Cumul d'un contrat de travail et d'un mandat social - Conditions non réunies - Fonctions distinctes ; Lien de subordination nécessaire- Rémunération séparée - Absence de qualité de salarié

Résumé🔗

Embauché le 16 juin 1975, en qualité de conseiller technique, par une société de produits pharmaceutiques, un salarié fut ultérieurement nommé aux fonctions d'administrateur en 1981, puis désigné Président du Conseil d'administration en 1995. Il fut démis de ses fonctions le 21 février 1997. Soutenant n'avoir jamais perdu la qualité de salarié, il fit valoir devant le tribunal du travail saisi par ses soins, qu'en lui refusant l'accès à son poste de travail et en suspendant le paiement de ses salaires, l'employeur avait rompu son contrat sans motif valable et de façon abusive.

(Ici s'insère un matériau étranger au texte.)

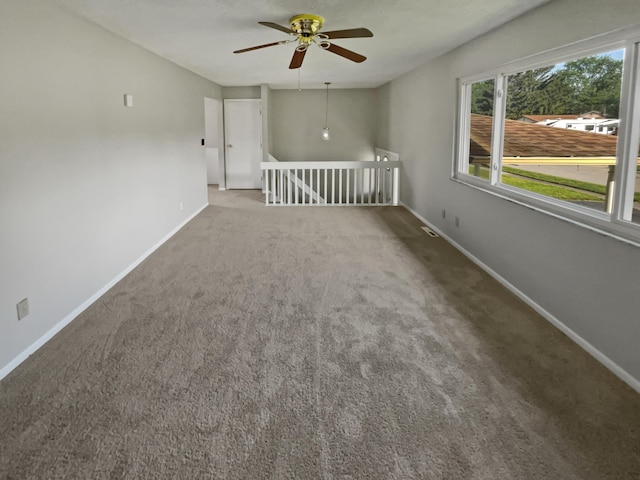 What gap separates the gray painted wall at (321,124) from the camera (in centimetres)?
1058

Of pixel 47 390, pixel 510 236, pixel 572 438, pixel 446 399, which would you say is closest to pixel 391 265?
pixel 510 236

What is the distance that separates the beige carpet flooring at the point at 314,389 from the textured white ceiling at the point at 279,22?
7.06 feet

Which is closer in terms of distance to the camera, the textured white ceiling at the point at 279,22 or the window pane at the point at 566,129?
the window pane at the point at 566,129

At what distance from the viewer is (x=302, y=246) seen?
17.6 feet

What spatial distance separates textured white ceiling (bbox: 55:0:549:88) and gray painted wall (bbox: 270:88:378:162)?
4386 millimetres

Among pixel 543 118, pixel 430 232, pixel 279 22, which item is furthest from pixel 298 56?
pixel 430 232

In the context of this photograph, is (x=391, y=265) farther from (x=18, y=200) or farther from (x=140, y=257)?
(x=18, y=200)

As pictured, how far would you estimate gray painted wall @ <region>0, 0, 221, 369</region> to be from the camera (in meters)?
2.70

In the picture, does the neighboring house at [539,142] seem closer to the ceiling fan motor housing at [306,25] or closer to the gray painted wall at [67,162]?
the ceiling fan motor housing at [306,25]

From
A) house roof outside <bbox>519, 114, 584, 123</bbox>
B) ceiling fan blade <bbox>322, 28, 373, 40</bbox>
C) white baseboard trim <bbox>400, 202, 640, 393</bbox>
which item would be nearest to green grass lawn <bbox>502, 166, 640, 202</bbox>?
house roof outside <bbox>519, 114, 584, 123</bbox>

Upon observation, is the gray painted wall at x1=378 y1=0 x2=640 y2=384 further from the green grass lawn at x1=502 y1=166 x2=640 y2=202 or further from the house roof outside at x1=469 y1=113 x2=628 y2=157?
the house roof outside at x1=469 y1=113 x2=628 y2=157

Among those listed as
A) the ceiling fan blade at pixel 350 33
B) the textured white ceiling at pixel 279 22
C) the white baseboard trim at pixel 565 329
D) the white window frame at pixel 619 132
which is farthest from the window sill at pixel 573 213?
the ceiling fan blade at pixel 350 33

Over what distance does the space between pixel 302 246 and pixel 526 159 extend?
2.48 metres

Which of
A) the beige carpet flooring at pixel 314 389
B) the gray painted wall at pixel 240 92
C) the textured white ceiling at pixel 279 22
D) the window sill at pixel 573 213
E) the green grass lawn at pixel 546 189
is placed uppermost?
the gray painted wall at pixel 240 92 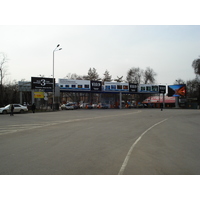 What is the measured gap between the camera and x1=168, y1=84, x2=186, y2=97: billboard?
6604 centimetres

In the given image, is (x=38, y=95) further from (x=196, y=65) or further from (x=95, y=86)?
(x=196, y=65)

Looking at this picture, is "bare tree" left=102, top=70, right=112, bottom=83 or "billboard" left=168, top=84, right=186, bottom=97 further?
"bare tree" left=102, top=70, right=112, bottom=83

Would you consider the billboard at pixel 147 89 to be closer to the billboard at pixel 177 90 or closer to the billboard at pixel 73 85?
the billboard at pixel 177 90

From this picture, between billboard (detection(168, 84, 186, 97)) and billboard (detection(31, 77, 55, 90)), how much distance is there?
126ft

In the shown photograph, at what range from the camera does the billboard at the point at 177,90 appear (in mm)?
66044

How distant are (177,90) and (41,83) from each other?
1646 inches

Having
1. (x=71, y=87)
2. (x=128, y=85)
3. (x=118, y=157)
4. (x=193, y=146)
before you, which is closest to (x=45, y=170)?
(x=118, y=157)

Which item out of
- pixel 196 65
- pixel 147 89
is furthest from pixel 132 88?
pixel 196 65

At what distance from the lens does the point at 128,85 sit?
6334 cm

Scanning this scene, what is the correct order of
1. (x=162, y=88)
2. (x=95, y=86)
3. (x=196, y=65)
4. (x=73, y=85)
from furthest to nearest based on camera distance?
(x=162, y=88) → (x=196, y=65) → (x=95, y=86) → (x=73, y=85)

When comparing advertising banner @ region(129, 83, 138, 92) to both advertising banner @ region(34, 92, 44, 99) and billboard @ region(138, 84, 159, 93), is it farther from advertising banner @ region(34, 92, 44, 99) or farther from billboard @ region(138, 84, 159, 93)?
advertising banner @ region(34, 92, 44, 99)

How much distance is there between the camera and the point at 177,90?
66.9m

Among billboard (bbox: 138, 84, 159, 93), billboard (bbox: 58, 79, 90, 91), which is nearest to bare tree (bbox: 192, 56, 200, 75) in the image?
billboard (bbox: 138, 84, 159, 93) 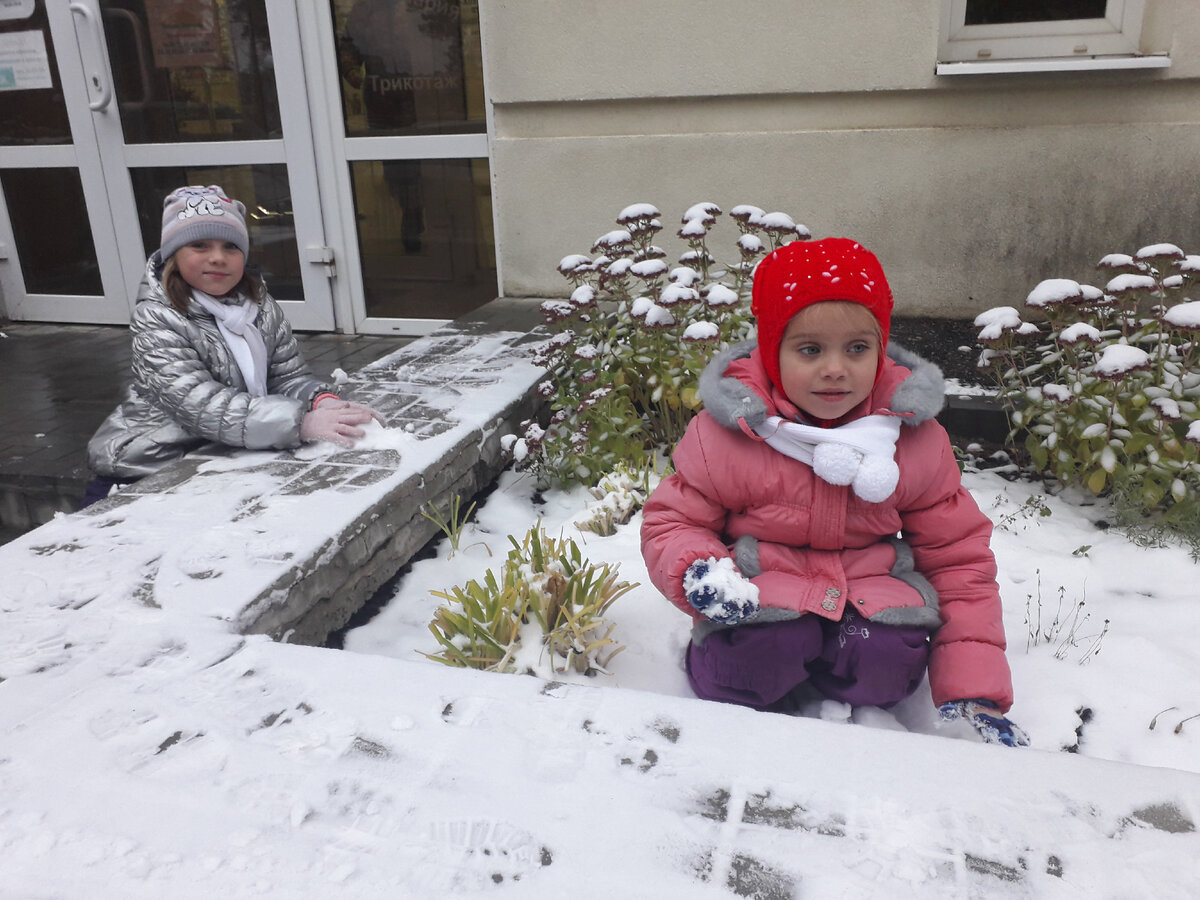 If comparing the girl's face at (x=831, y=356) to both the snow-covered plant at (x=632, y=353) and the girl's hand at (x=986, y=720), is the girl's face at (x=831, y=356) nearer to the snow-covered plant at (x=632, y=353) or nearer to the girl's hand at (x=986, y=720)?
the girl's hand at (x=986, y=720)

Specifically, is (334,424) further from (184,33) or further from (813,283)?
(184,33)

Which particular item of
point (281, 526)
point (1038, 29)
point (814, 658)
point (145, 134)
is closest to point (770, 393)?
point (814, 658)

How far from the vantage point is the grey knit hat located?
8.67 feet

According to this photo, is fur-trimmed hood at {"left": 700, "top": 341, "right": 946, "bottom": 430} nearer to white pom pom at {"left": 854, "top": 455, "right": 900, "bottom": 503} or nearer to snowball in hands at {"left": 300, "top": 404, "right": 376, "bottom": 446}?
white pom pom at {"left": 854, "top": 455, "right": 900, "bottom": 503}

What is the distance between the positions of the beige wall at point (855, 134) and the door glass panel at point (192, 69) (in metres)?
1.49

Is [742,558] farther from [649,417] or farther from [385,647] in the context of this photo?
[649,417]

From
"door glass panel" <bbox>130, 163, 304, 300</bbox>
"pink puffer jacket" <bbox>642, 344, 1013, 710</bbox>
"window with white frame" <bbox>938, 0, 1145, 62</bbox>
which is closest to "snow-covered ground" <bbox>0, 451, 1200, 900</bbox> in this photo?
"pink puffer jacket" <bbox>642, 344, 1013, 710</bbox>

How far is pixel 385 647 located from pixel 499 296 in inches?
121

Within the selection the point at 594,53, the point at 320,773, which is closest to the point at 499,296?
the point at 594,53

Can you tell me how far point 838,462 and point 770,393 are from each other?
0.74 feet

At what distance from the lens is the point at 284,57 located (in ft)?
15.8

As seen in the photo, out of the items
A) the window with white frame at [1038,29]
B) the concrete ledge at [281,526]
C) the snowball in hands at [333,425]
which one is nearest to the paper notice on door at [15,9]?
the concrete ledge at [281,526]

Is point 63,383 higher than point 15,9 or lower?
lower

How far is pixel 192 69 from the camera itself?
5133mm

L'employeur, de son côté, estimait que le demandeur n'exerçait pas de fonctions techniques distinctes de son mandat social et qu'il n'existait pas de lien de subordination entre la société et lui-même.

Le tribunal rappelle que le contrat de travail peut se cumuler avec l'exercice d'un mandat social à la triple condition de fonctions salariées distinctes du mandat social, d'une rémunération elle aussi distincte et de l'existence d'un lien de subordination juridique entre la société et l'intéressé. Ces conditions n'étant pas réunies en l'espèce, puisqu'il n'existait pas de fonctions techniques distinctes, que l'intéressé disposait de pouvoirs très larges et que sa rémunération était unique.

Le demandeur ne disposait donc plus de la qualité de salarié depuis 1981.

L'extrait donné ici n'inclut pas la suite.